Shareshull’s father was the only son and heir of the eminent, if not notorious, lawyer, Sir William Shareshull, whose many offices included those of chief baron of the Exchequer, j.c.p. and c.j.KB. The judge outlived his son, and by two deeds of November 1367 settled the extensive estates which he had built up (sometimes by dubious means) in Staffordshire and Oxfordshire upon his second wife, Denise, with a reversion on her death to his grandson, the subject of this biography. The young Shareshull obtained a confirmation of both settlements in February 1369, shortly before his grandfather’s entry into the Franciscan friary at Oxford, but he none the less experienced considerable problems in obtaining possession of his inheritance. Indeed, most of the evidence which has survived about him concerns litigation over these estates, which were centred upon the manors of Shareshull, Coven, Brunsford, Patshull, Great and Little Sardon and Overton in Staffordshire, Boninghall in Shropshire and Barton Odonis, Rousham and Dernford in Oxfordshire.
Comparatively little else is known about Shareshull’s life, which, lacking the distinction of his celebrated grandfather’s, seems to have passed without any other major incidents. In June 1384, he bound himself in £20 to Robert Russell I of Dudley, but the reason for this is not recorded. One year later, Alice, the widow of William Colesdon, sued him for a render of £6; and he was subsequently pardoned two sentences of outlawry for not appearing in court to answer other actions for debt. The first of these was brought against him in, or before, 1386 by his distant kinsman, Sir Ralph Ferrers, and the second by the Crown for revenues charged to his account as sheriff of Staffordshire for the year ending November 1393.

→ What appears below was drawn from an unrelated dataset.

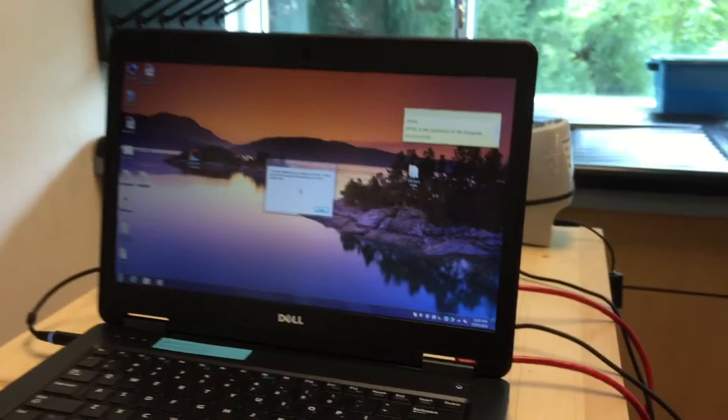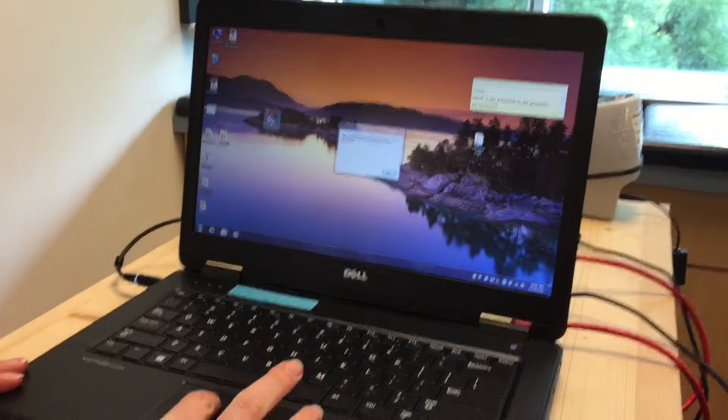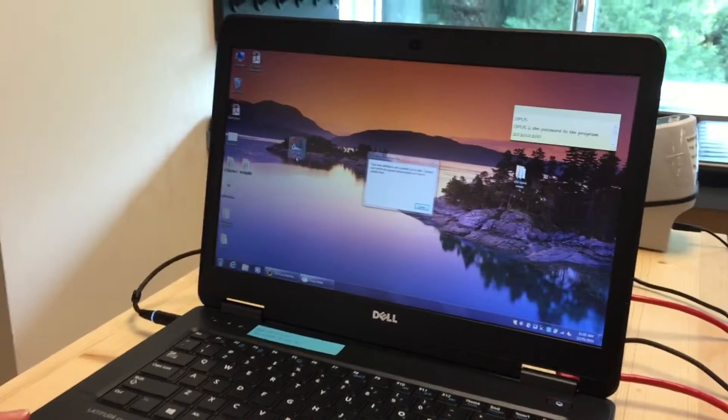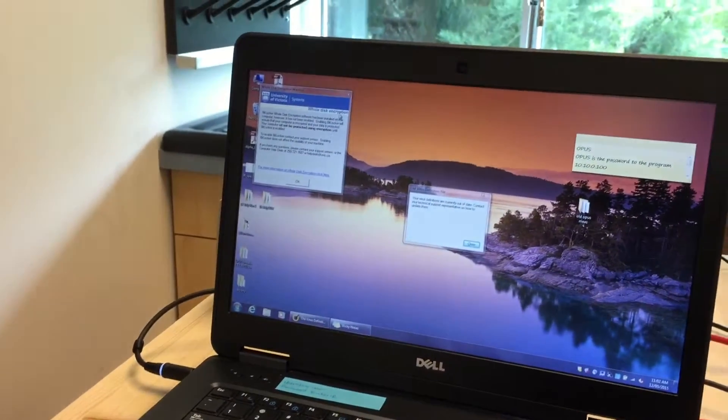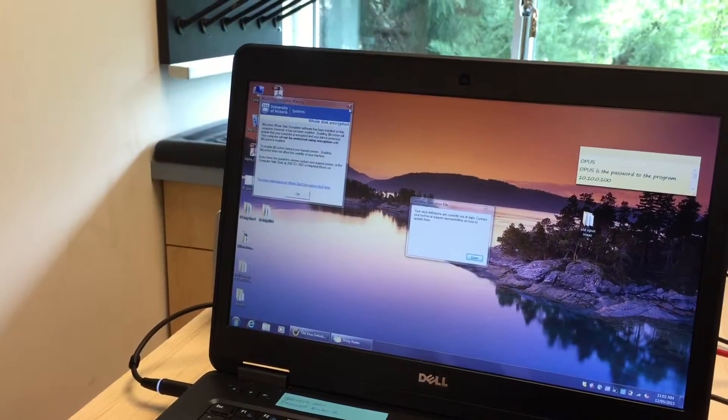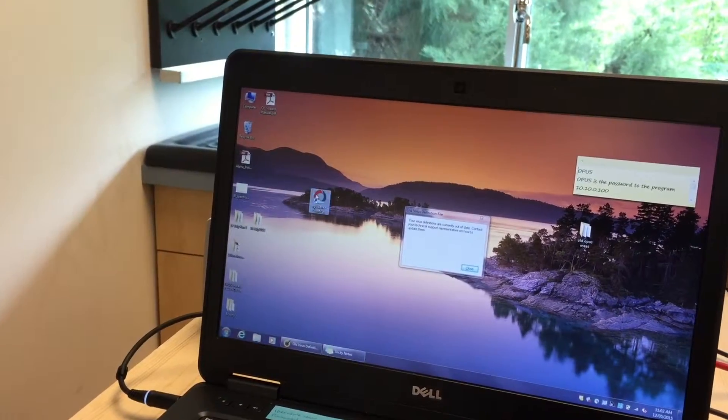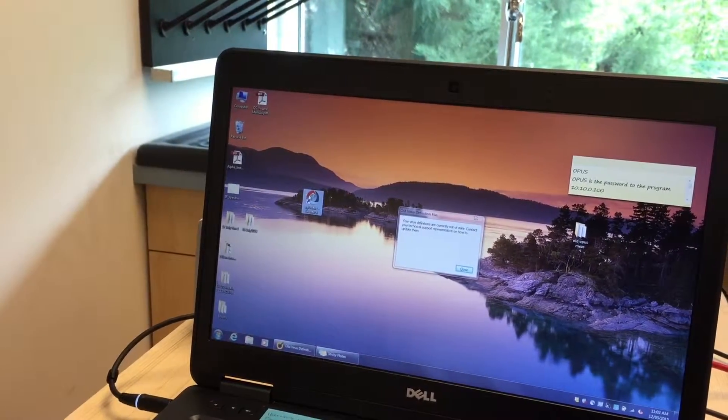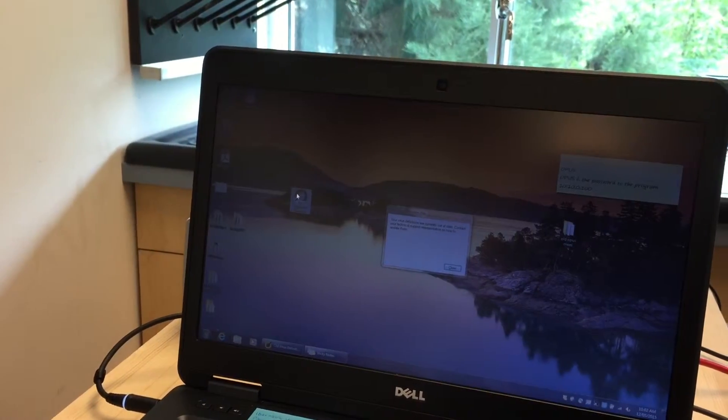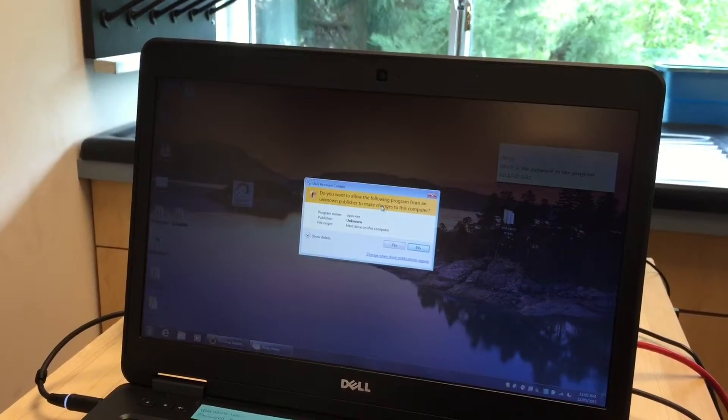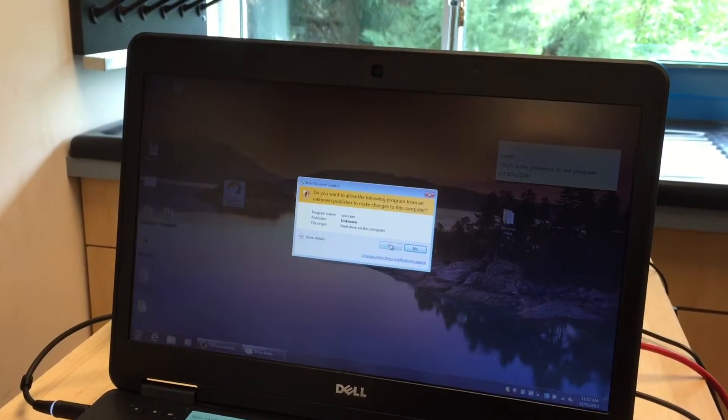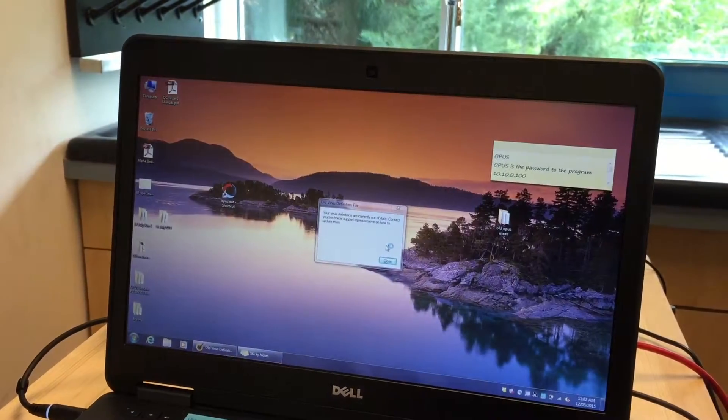Okay, so the program we're going to use is called Opus. It's right here. Let's exit out of this first. You're going to open the Opus program. Yes, we do want to make changes.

Shareshull died without issue on 17 May 1400, having apparently entailed his estates upon his great-nieces, Isabel and Joyce, the daughters of Richard Harcourt, to the exclusion of their aunt, Katherine Willey, and their cousin Joan, the wife of William Lee I. This arrangement inevitably caused a bitter dispute between the rival claimants, during which Harcourt and his father, Sir Thomas, stubbornly resisted several attempts to deprive them of what they considered to be their property. The division of the Shareshull inheritance also carried with it the seeds of a more protracted feud between the Harcourts and the Astleys, into whose family Richard’s daughter married.